To do — Scan the material that follows. Copy every line containing the word "surface".

• • • •

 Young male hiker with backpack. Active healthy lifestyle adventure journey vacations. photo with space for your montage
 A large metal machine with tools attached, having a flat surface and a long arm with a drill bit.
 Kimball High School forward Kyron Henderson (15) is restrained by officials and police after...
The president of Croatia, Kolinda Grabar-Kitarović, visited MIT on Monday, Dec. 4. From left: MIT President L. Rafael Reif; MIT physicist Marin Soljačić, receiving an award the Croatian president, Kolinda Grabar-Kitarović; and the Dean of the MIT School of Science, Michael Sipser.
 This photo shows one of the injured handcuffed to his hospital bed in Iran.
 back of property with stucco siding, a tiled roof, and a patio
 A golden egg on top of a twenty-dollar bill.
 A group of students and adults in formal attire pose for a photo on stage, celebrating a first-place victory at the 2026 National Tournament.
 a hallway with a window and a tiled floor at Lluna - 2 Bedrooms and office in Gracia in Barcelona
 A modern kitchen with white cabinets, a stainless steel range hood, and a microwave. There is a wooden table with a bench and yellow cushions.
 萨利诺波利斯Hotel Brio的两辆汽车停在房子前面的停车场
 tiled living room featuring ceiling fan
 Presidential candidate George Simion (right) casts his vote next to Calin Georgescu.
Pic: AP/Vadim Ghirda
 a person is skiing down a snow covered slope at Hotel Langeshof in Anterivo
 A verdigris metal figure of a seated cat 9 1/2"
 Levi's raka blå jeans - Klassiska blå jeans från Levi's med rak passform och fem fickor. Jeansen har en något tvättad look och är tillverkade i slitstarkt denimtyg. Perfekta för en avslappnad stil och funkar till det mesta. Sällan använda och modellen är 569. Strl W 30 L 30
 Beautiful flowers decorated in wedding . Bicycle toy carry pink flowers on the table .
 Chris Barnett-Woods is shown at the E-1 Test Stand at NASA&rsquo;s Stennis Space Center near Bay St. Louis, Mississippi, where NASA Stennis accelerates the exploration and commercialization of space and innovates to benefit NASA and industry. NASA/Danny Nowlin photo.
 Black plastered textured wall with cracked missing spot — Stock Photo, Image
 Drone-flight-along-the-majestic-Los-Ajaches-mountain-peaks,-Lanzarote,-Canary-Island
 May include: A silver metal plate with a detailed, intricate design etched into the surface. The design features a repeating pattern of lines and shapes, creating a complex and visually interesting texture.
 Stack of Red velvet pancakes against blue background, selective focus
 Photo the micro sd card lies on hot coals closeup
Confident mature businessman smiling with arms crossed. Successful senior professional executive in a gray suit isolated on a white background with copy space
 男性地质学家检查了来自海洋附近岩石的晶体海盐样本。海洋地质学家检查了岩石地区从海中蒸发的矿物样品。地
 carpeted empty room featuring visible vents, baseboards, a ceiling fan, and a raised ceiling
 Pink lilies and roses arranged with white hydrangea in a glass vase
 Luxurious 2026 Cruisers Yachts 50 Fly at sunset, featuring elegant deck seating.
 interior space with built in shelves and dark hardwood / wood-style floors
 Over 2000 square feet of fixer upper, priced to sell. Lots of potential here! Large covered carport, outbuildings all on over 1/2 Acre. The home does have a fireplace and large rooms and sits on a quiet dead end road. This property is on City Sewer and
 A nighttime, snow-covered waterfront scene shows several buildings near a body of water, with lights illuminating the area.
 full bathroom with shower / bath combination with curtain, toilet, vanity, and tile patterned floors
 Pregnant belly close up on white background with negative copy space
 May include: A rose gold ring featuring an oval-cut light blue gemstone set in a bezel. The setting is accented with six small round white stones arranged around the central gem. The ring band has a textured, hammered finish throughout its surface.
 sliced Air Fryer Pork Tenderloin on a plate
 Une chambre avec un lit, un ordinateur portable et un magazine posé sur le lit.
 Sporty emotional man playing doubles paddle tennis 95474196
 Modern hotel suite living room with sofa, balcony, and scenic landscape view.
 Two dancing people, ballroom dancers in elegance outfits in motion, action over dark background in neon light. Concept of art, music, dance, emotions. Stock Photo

• • • •

Finished task —
 A large metal machine with tools attached, having a flat surface and a long arm with a drill bit.
 May include: A silver metal plate with a detailed, intricate design etched into the surface. The design features a repeating pattern of lines and shapes, creating a complex and visually interesting texture.
 May include: A rose gold ring featuring an oval-cut light blue gemstone set in a bezel. The setting is accented with six small round white stones arranged around the central gem. The ring band has a textured, hammered finish throughout its surface.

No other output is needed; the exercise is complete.